- _GIVEN DATA_:
# # # # # # #

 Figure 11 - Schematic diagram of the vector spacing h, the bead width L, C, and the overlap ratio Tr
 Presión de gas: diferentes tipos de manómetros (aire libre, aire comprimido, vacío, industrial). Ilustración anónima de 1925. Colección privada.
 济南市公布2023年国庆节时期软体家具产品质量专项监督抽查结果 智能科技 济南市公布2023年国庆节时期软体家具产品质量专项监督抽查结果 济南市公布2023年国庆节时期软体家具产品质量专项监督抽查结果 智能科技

# # # # # # #

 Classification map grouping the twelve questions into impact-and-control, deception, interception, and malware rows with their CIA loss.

# # # # # # #

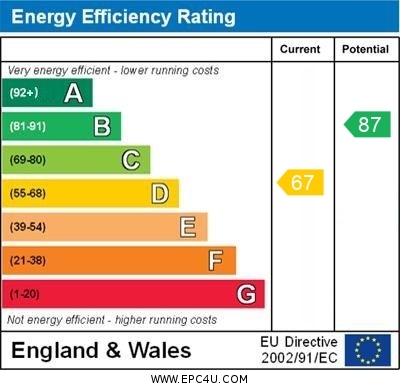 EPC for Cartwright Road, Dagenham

# # # # # # #

- _PROBLEM DETAILS_: Repeat, word for word, the lines above between the line holding "Figure 11 - Schematic diagram" and the line holding "Presión de gas: diferentes", inclusive; omit everything else.

- _ANSWER BELOW_:
 Figure 11 - Schematic diagram of the vector spacing h, the bead width L, C, and the overlap ratio Tr
 Presión de gas: diferentes tipos de manómetros (aire libre, aire comprimido, vacío, industrial). Ilustración anónima de 1925. Colección privada.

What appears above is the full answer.